What the task asks
Check every line below for the string "Logo", and copy the lines that contain it.

Exercise data
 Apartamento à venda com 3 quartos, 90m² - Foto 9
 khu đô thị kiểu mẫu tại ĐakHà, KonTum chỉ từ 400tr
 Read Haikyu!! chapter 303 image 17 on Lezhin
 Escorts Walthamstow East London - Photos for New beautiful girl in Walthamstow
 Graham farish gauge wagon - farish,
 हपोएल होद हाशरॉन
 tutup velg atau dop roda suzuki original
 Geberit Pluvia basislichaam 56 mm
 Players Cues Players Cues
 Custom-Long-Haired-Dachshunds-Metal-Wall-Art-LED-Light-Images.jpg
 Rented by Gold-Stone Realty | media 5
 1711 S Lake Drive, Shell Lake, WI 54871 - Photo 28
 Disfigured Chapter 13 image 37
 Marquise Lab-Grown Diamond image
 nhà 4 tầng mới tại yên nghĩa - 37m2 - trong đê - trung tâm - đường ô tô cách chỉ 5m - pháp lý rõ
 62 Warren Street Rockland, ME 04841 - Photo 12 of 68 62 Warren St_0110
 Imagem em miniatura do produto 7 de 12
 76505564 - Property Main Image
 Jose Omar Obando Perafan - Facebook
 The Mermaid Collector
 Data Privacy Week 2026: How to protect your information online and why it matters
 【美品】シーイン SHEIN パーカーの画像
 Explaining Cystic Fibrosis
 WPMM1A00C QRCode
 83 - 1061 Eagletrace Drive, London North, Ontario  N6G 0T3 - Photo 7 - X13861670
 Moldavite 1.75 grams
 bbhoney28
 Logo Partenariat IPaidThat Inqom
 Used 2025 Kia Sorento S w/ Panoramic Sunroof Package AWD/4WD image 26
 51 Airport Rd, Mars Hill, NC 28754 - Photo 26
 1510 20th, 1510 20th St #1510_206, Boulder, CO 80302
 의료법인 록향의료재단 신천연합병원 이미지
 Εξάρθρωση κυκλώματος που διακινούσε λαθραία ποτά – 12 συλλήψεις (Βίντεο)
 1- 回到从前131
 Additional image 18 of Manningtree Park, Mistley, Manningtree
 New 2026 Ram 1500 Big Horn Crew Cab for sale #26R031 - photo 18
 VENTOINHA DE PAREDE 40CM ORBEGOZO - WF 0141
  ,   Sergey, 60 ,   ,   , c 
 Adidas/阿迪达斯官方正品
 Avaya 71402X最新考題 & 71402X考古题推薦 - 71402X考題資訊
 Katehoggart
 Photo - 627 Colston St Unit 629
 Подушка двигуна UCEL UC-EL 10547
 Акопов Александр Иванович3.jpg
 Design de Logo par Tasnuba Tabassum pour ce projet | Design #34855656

Solved problem
 Logo Partenariat IPaidThat Inqom
 Design de Logo par Tasnuba Tabassum pour ce projet | Design #34855656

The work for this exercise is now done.